Syrian government troops stepped up their campaign to drive rebels out of Aleppo Monday, but rebel fighters said they were holding firm and would turn the country's largest city into the "grave of the regime."

Opposition activists denied a government declaration that its forces had recaptured the Salaheddine district, in southwest Aleppo, which lies across the main route for Syrian troop reinforcements coming from the south, Reuters reported.

Hospitals and makeshift clinics in rebel-held eastern neighborhoods were filling up with casualties from a week of fighting in the city, a commercial hub drawn into the 16-month-long revolt against President Bashar al-Assad.

"Some days we get around 30, 40 people, not including the bodies," said a young medic in one clinic. "A few days ago we got 30 injured and maybe 20 corpses, but half of those bodies were ripped to pieces. We can't figure out who they are."

The opposition Syrian Observatory for Human Rights said 40 people, 30 of them civilians, were killed in Syria on Monday. Two rebel fighters died in Salaheddine.

Outgunned rebels, patrolling in flat-bed trucks flying green-white-and-black "independence" flags, said they were holding out in Salaheddine despite a battering by the army's heavy weapons and helicopter gunships.
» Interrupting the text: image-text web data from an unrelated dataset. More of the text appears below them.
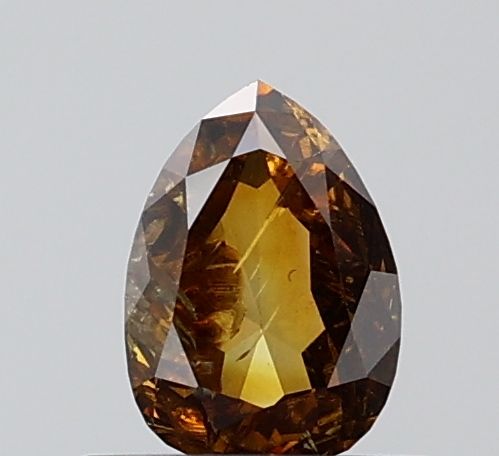 Diament 0.61 ct Fancy Greenish Brown/I1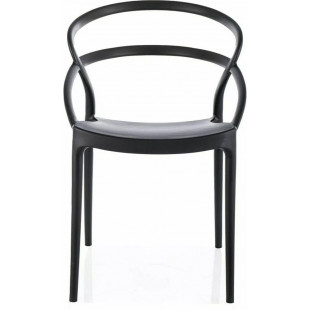 Krzesło z tworzywa Glis czarne Signal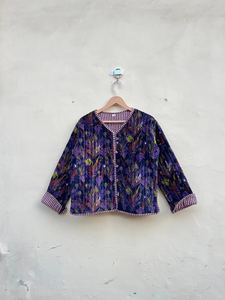 Handmade Velvet Suzani Kimono Jacket Eye Embroidery | Autumn/Winter Eco-Friendly Breathable Anti-Wrinkle Quick-Dry Cotton - Product Image 3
"We always knew the regime's grave would be Aleppo," Mohammed, a young fighter, told Reuters, fingering the bullets in his tattered brown ammunition vest.

"Damascus is the capital, but here we have a fourth of the country's population and the entire force of its economy. Bashar's forces will be buried here."

So far, however, the government's superiority on the ground means rebels have had little success in holding on to urban territory. The rebels made a major push into Damascus two weeks ago, but were driven out.